What would an Alder worker have to tell BMS if their job wasn't on the line? The diseases the IL-6 crowd fights are Rheumatoid Arthritis and cancer. Genentech already sells Actemra, which is an antibody against the IL-6 receptor. The BMS/Alder drug is different in two ways. It binds to IL-6, not the receptor of IL-6, and it is expressed in Pichia pastoris yeast. The norm in biopharma is expression in Chinese Hamster Ovarian (CHO) cells such as the CHO platform employed by Genentech for drugs like Actemra. If BMS and their anti-IL6 drug is going to compete, they will have to also compete with pricing. That means they will have to somehow compete with the CHO platform. Do the workers at a small biotech even understand what they are up against?

The claims at Alder:
  • The cost of producing mammalian cell cultures is US$300 to $1,000 per gram. Alder’s microbial cultures cost a fraction of this amount.
  • Over 75% of antibody manufacturing capacity is held by a limited number of companies. Alder provides an alternative manufacturing process that avoids this bottleneck.

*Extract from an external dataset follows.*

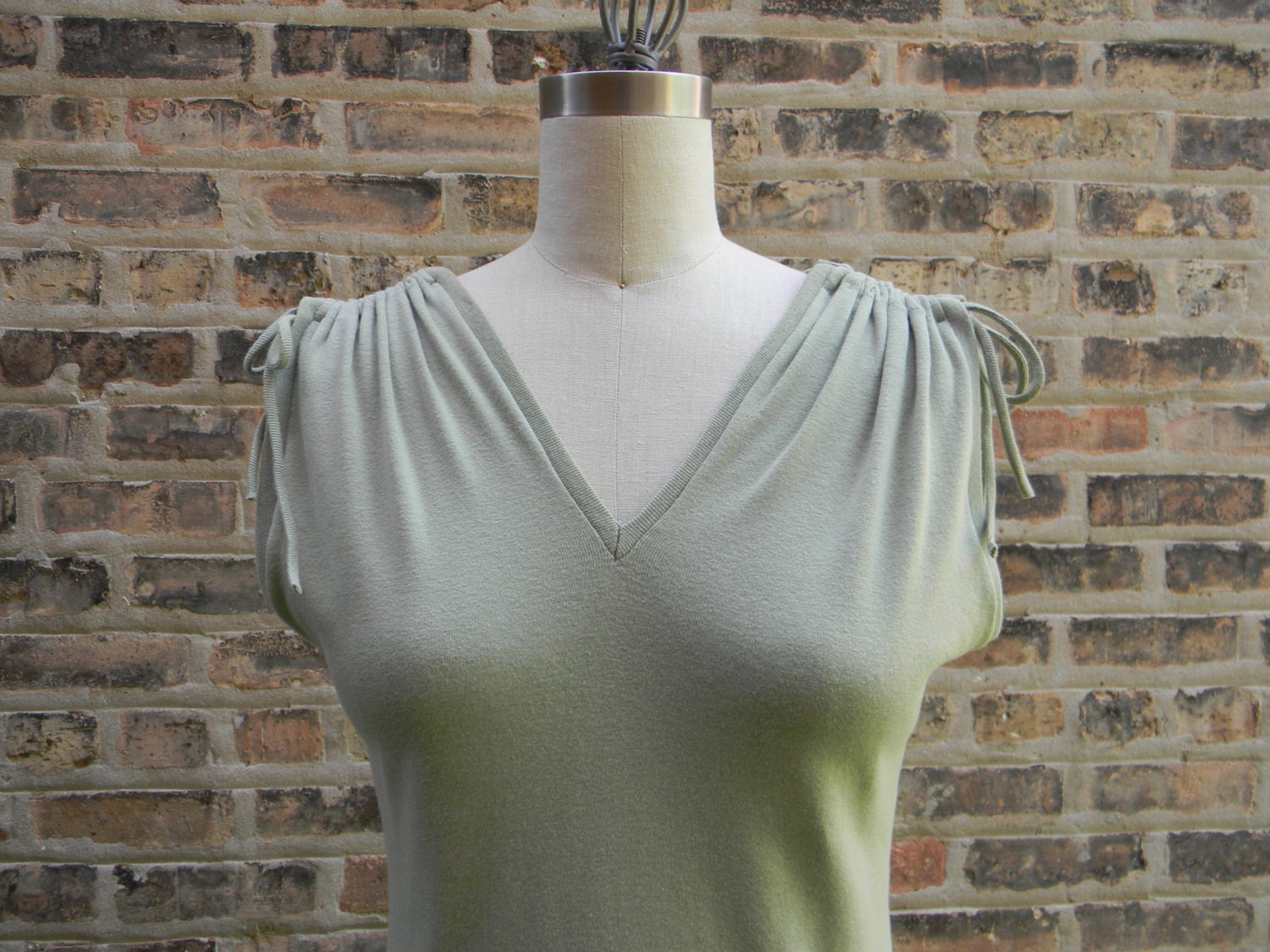 Womans V neck T- shirt in olive 100% cotton, soft, gathered shoulders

This is quite a claim. Having witnessed the pricing fiasco of Seattle based Dendreon, one has to wonder if Seattle has the right kind of talent to properly factor in the cost of providing a drug product. They have not produced many research professionals who are highly skilled in dealing with manufacturing. Cargo Cults specialize in the narrative. Manufacturing and engineering issues cut through the BS of cargo cults. Did BMS truly find the Pichia pastoris story convincing? The biopharma world, one would think, would be banging down Alders door to get at their manufacturing technology. It is not. Alder claims that their system "scales rapidly to 50,000 liter tanks" Compare this to Genentechs 15,000 liter tanks in Oceanside CA where Actemra is made. One can assume the CHO platform at Genentech expresses somewhere between 3 to 5 grams per liter. What is the Pichia pastoris expression level?  

The workers know but their jobs are on the line. Keep positive or parish. In spite of the unbridled optimism of Seattle biotechies, the layoffs and the confusion around Alder underlies the Cargo Cult nature of this business. The people being laid off at Zymo had no control over the competition against interferon alpha. The workers at Alder have no clue about big pharma manufacturing issues. The things that take away from the value of these researchers are things they have no control over. Like the Cargo Cult watchtower worker, the fact that the planes do not land has little to do with what is going on in the watchtower. It's something else. You can go back to watchtower school or you can work a little harder to find out why these things keep happening. 75 people at BMS, 160 at Ariad, 500 R&D jobs cut at Novartis... Just another week in the Cargo Cults.